Vice-president Joe Biden is at a distinct disadvantage. He is involved in the Obama administration, and must show support for the President’s agenda. Putting him in a delicate situation is the success or failure of Mr. Obama in his final three-and-a-half years. The President’s favorability rating will weigh heavily on Biden’s chances of attaining his party’s nomination for 2016.
The front runner continues to be Hillary Clinton. For nearly two years she was the most admired politician in America. Mistakes she made in 2008 when she was competing with now President Barrack Obama, will be part of the past. She is known as articulate, strong, intelligent, and extremely qualified. The emergence of women as a political power will be a driving force, should she formally declare her candidacy.
The Republican Party is far more interesting. Multiple candidates surfaced in 2012. There was perennial candidate Ron Paul, disgraced by his own party Newt Gingrich, and son of the Pope, Rick Santorum. Also hopefuls were Herman, ‘I never met a woman I didn’t want,’ Cain, Rick, ‘I never passed a bar without tasting its wares,’ Perry, and Michelle, ‘I know I’m crazy, but crazy is what the TEA Party is all about,’ Bachman.

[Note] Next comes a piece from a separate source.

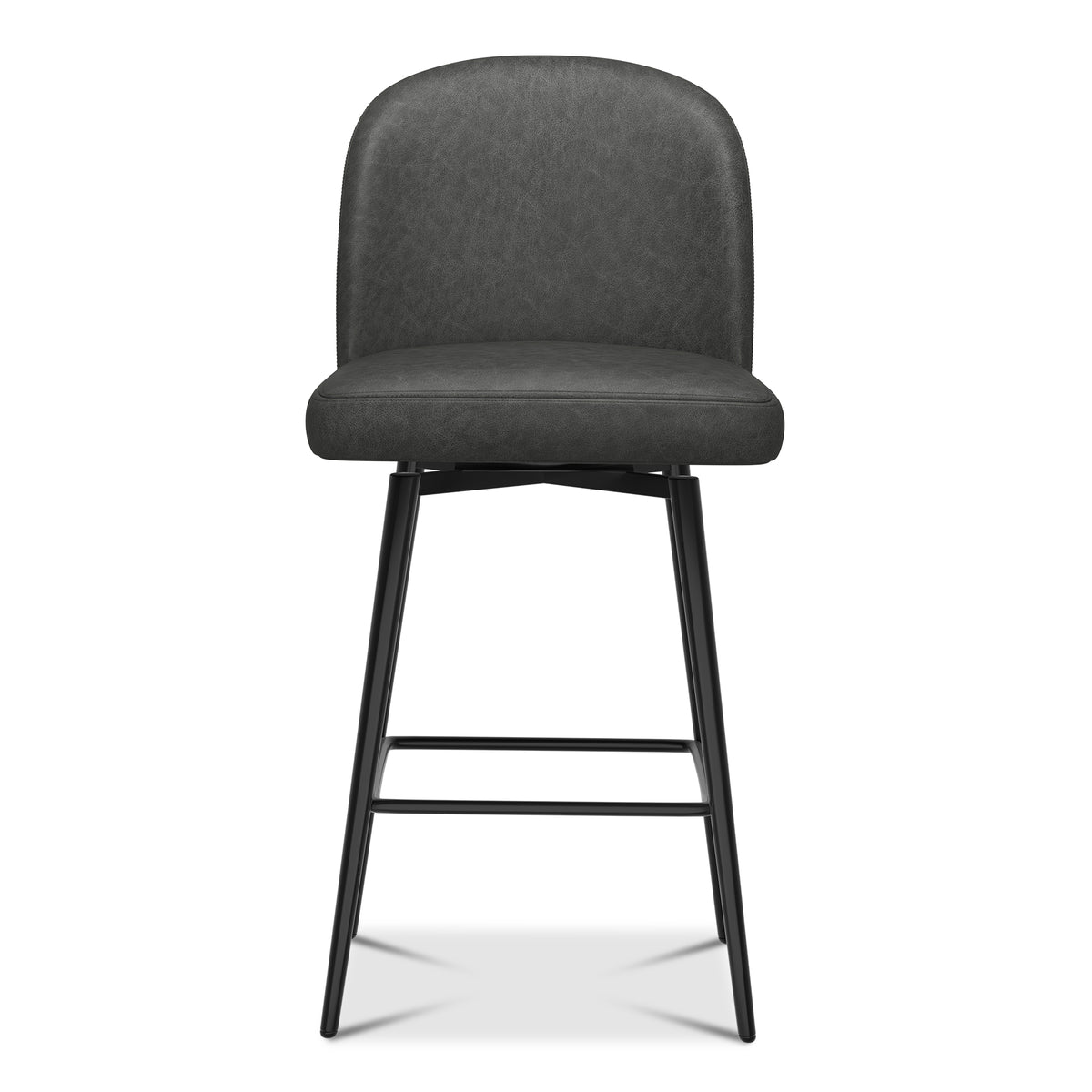 Black 26 Inch Upholstered Swivel Bar Stools Set of 2 with Back and Metal Legs O2186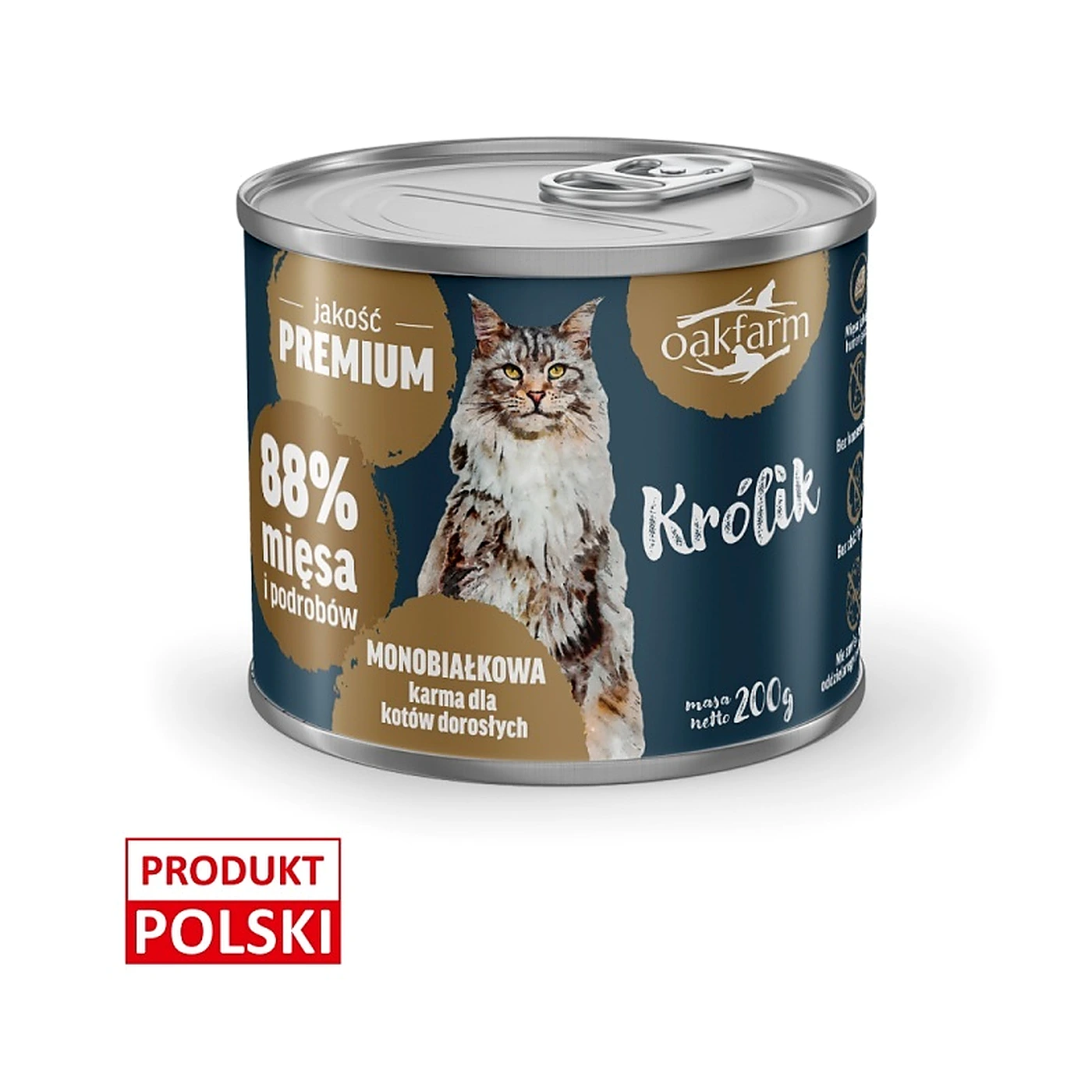 OAKFARM Królik; Kot Dorosły, Karma Mokra 200g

None of them could match Mitt, ‘corporate raider,’ Romney. He had more money and more contributors than the rest combined.
Republicans will not want for financial donors in 2016. Thanks to the allowance by the Supreme Court of illegal campaign financing, they will assuredly be inundated with more money than in 2012.
The man, or woman, who receives the Republican nomination will be chosen by a small group of the GOP. And, that person will not truly be representative of the Republican platform of the past.
Immediately after the Democrat’s devastating victory in 2012, one name survived the ashes of destruction.
Democrats decisively won the election, and exit polls demonstrated the who, why, and how. Republicans lost the vote of Hispanics, women, and younger voters by a huge margin. Polls also showed that voters felt Romney was out of touch with the average American.
TEA Party darling, and virtually obvious choice, was Florida Senator Marco Rubio. He was handsome, young, energetic, and a son of Puerto Rican immigrants. He would undoubtedly change the direction of the GOP.
Ensuring his prominence as a Republican, he was selected as a member of the ‘gang of eight,’ to draft a bill encompassing a program of universal immigration reform.
Four Democrats, and four Republicans, including Rubio, labored long and hard to create a bipartisan piece of legislation. When they rose from committee, as a group they expressed pride in their accomplishment. Days after their combined victory, Rubio said he would vote against his own bill.
The Governor of New Jersey, Chris Christie, has become a political conundrum. Once considered to be in the group of front runners for 2016, he has been ostracized by his own party.
When Super Storm Sandy struck the northeastern coast of the United States in 2012, New Jersey suffered unbelievable damage. President Obama visited the area with Governor Christie, and promised federal aid. A camaraderie crossing party lines found the Governor and the President joining in a combined effort to secure relief for the devastated citizens of New Jersey.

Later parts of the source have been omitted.